Strawberry and Ice Cream Sandwiches

A carefully crafted dish that blends traditional and modern cooking techniques to deliver comforting flavors for every occasion.

⏱️

Cook Time

30 min

🔥

Difficulty

Medium

📂

Category

Breakfast

Recipe Details

Strawberry and Ice Cream Sandwiches

A playful, summery twist on classic ice cream sandwiches, featuring fresh strawberry mash nestled between buttery, toasted brioche buns. Perfect for casual gatherings or cooling off on a hot day!

Basic Information

  • Prep Time: 10 minutes (excluding ice cream chilling)

  • Cook Time: 15 minutes (plus grill/pan preheating)

  • Total Time: 15–25 minutes (adjusting for heating time)

  • Difficulty: Easy

Ingredients (Serves 4–6)

  • 1 pint (12 ounces) fresh strawberries, washed, hulled, and roughly chopped

  • 1 tablespoon granulated sugar (plus extra for sprinkling buns)

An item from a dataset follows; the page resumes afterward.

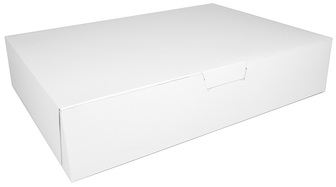 SCT® Non-Window Bakery Boxes for 1/2 Sheet Cakes. 19 X 14 X 4 in. White. 50/case.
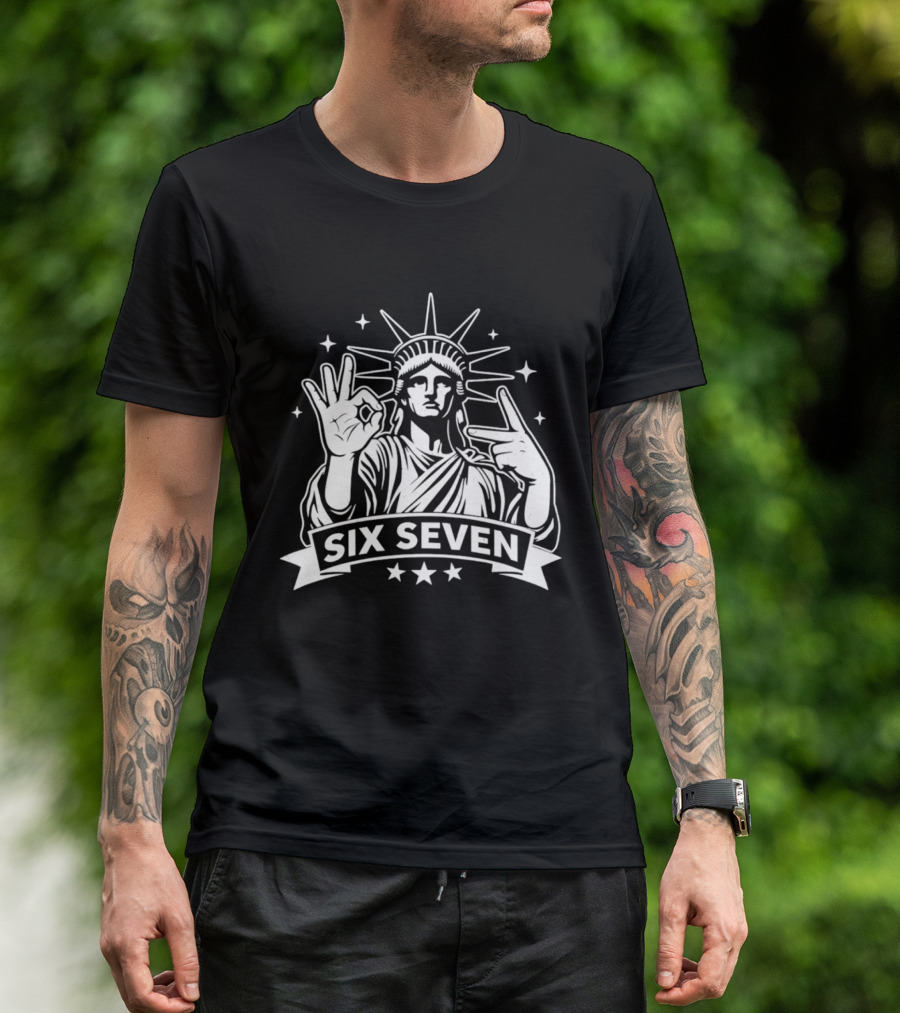 Statue Of Liberty Six Seven Hand Gesture Stars T-Shirt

  • 4–6 slider buns or dinner rolls (preferably brioche; see Tips)

  • ¼ cup salted butter, melted

  • 1 tablespoon Amaro Montenegro (optional, for drizzling)

  • 1 pint vanilla or strawberry ice cream (slightly softened, not rock-hard)

Preparation Steps

1. Preheat Cooking Surface

  • Grill: Preheat a gas or charcoal grill to medium-high heat (400–450°F/200–230°C) and clean grates.

  • Griddle/Pan: Heat a non-stick griddle or heavy-bottomed pan over medium heat (350°F/175°C) until a drop of water sizzles and evaporates.

2. Prepare Strawberry Mash

In a bowl, combine chopped strawberries with 1 tablespoon sugar. Mash with a fork until a saucy consistency forms, leaving small visible chunks for texture (avoid over-mashing for a smoother finish). Taste and adjust sweetness if needed.

3. Toast the Buns

  • Split buns horizontally, keeping them connected on one side (like a hinge).

  • Brush cut, flat surfaces with melted butter, then sprinkle lightly with granulated sugar (about ¼ teaspoon per side).

  • Place buns butter-side down on the preheated grill or griddle. Cook 1–2 minutes until the bottom surfaces are lightly toasted and golden.

  • Flip buns, butter-sugar side up, and cook 2–3 minutes until sugar caramelizes (glossy sheen, nutty aroma). Note: Rotate buns to prevent uneven browning; reduce heat if browning too fast.

  • Transfer toasted buns to a wire rack to cool slightly (5 minutes).

4. Assemble Sandwiches

  • Drizzle Amaro (if using) onto the bottom bun halves.

  • Spread 2–3 tablespoons strawberry mash on the bottom bun.

  • Place a single scoop of ice cream (3–4 ounces) centered on the strawberry layer.

  • Top with another 2–3 tablespoons of strawberry mash.

  • Close with the top bun, pressing gently to secure.

5. Serve Immediately

  • Use a spatula to transfer sandwiches to a plate. For best texture, serve right away. If holding, refrigerate for up to 5 minutes or freeze for 10 minutes (firms ice cream, reduces mess).

Pro Tips & Variations

  • Bun Selection: Choose sturdy buns (brioche, Hawaiian rolls) to prevent collapse under ice cream. Avoid overly soft sandwich buns.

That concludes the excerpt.